There was something strange about being in Edinburgh during August, for the first time in 73 years that the Fringe wasn’t. A small part of me mused that by telling a single joke to a seagull, then maybe I’d be able to say I had a sell-out run this year. Another thought was that this festival breather for the city after years and years of being swamped by audiences keen to sit in a show with their arms crossed wishing they were dead, could actually be a good thing. A time to reset and rest, work out how to change things for the better. But mostly, it just felt odd. The streets — usually filled with people handing out flyers as though they want to aggressively paper cut you, posters covering every lamppost, wall, billboard, bus and occasionally a student who picked the short straw, and venues in every possible crevice — felt oddly empty. It wasn’t so much like thousands of people taking a break but more like the scene you’d find if you arrived somewhere just after an announcement to take shelter because of an oncoming nuclear threat or the aftermath of a zombie outbreak. I have been in Edinburgh many times outside of August, and it’s a beautiful city even when the shards of ice rain are ploughing into your face at a horizontal angle that no outerwear can possibly protect you from. I have seen it when it’s not besieged by performers and punters before. You know, when the name ‘Edinburgh’ is used correctly for the city and not just how comedians say it, as though the entire area is just beamed in for one month of the year. But this was different. The air rang with the feeling that something was missing, and it was wholly unsettling being there.
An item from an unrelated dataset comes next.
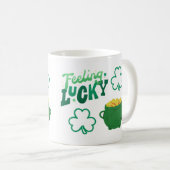 Gefühl Lucky mit einem Gold-Pot Kaffeetasse (VorderseiteRechts)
I haven’t been to the Edinburgh Fringe since taking a show there in 2017. Since then parenthood happened, and the toll of two years of my daughter insisting nights were not for sleeping meant that writing a new show was not something my increasingly fractious brain could manage. On top of that, justifying spending a lot of money that I didn’t have, in order to be away from home for a month, wasn’t the sort of alluring prospect to present to my wife that you might think. Not that I could justify in years previous to child wrangling. I’ve never had a ‘good’ fringe. None of my solo shows have received critical acclaim or landed me a TV show, or award, or anything that could help me say ‘well I’m glad I put all my effort into that.’ On the contrary, I’ve definitely had bad fringes. Not the ones everyone talks about as an example of why the Fringe can go wrong, but worse, the sort of ones no one talked about at all. My show in 2011, which received a handful of lovely reviews and sold ok for a show that was hidden in a turret in a building no one knew comedy was in, somehow left me with a debt of over £7k. This was slowly paid off through shows and work for the next three years, leaving me unable to pay my own bills or afford to buy petrol or train tickets to get to those gigs in the first place. That was the supposedly necessary cost of venue hire, tech hire, PR, posters, printing, accommodation, surviving for the month while not earning anything, and all the while still paying rent for my flat back home. I didn’t return to EdFringe for 3 years because, well, I couldn’t. Instead I filled those summers with actual paid work, something that had never occurred to me in my comedy career until then. I got acting work as the summer is when a lot of filming happens, I got booked at gigs that wouldn’t usually have me, but now all their favourites were in Scotland they had no choice. I saw the sunshine, and I only paid one lot of rent. Yet, despite all of that sounding preferable to setting fire to cash and a vitamin D deficiency, it was still completely ingrained in me to miss the Fringe. There was always this niggling feeling that I should have been there instead and by not being, I was definitely doing something wrong.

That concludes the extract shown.